Hurricane Arthur is threatening to put a damper on the July 4 weekend festivities up and down the east coast, but many beach resorts remain hopeful that the storm that's expected to hit tonight won't ruin the biggest weekend of the summer.

It's been a perfect couple of days for folks who are already in Ocean City. Sunny skies, cool ocean breezes and water temperatures that have finally gotten to the point where fearless children and surfers in wetsuits aren't the only people swimming.

But the weather is expected to take a turn late as the first named storm of the hurricane season, Arthur, heads north from the Carolinas.

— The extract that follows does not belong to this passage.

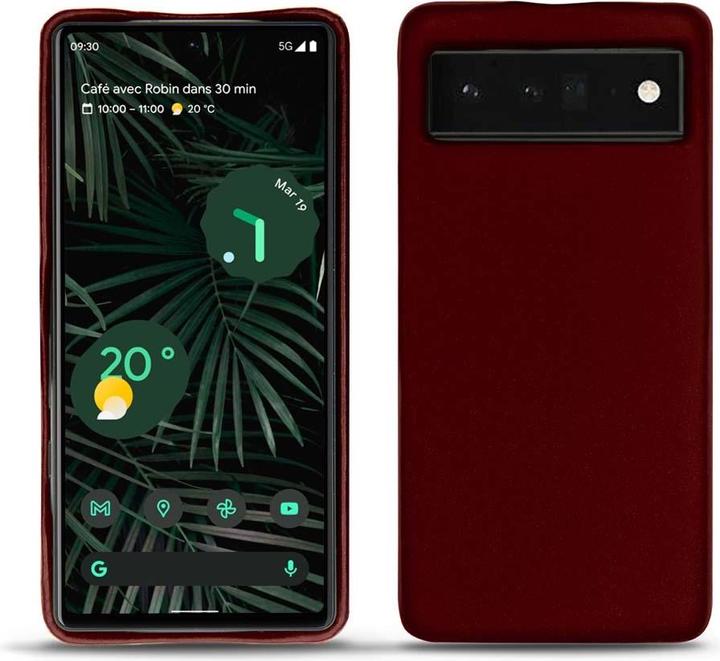 Productafbeelding Noreve Lederen omslag (Google Pixel 6 Pro)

Joe Theobald is Ocean City’s Emergency Services Director. He is one of literally hundreds of thousands of people closely watching the storm’s movement, but he says people shouldn't be changing plans or hitting the panic button just yet.

“I don't see this ruining the weekend in any fashion, I think Saturday and Sunday are going to be spectacular days here," Theobald says.

Friday, on the other hand, is going to be a different story. Heavy rains and wind gusts from Arthur are expected to make travel more troubling than usual for the 4th. And for people who beat the storm to town, they could experience something that locals in downtown Ocean City know all too well: flooding.

“If we get a few inches of rain, yes, we will have that water pooling downtown where we normally do, but nothing to the extent, as of right now, that we see that there'd be road closures," Theobald says.

Theobald says the city has pushed back fireworks displays to Saturday night, just to be safe, even though Arthur is expected to be long gone by Friday afternoon. But even with that silver lining in the forecast, business owners are on edge heading into a weekend that is so vital to the coastal economy.

More than 250,000 people are expected in town, and they will pump millions into the local business community. So with so much at stake, Theobald is relaying the city’s battle cry loud and clear, over and again.

“We aren't telling anyone to stay away, this is not a storm that is going to cause overall public safety concern," he says.

But Theobald says if for some reason Arthur makes more of an impact, the resort has a new tool to get emergency messages out: the city’s brand new FM radio station 99.5, which they purchased for storms just like Arthur.

So while Theobald says its unusually early for a storm like this to be headed for Ocean City, he’s confident this 4th of July will likely be remembered for the rain delay and not a full on rain out.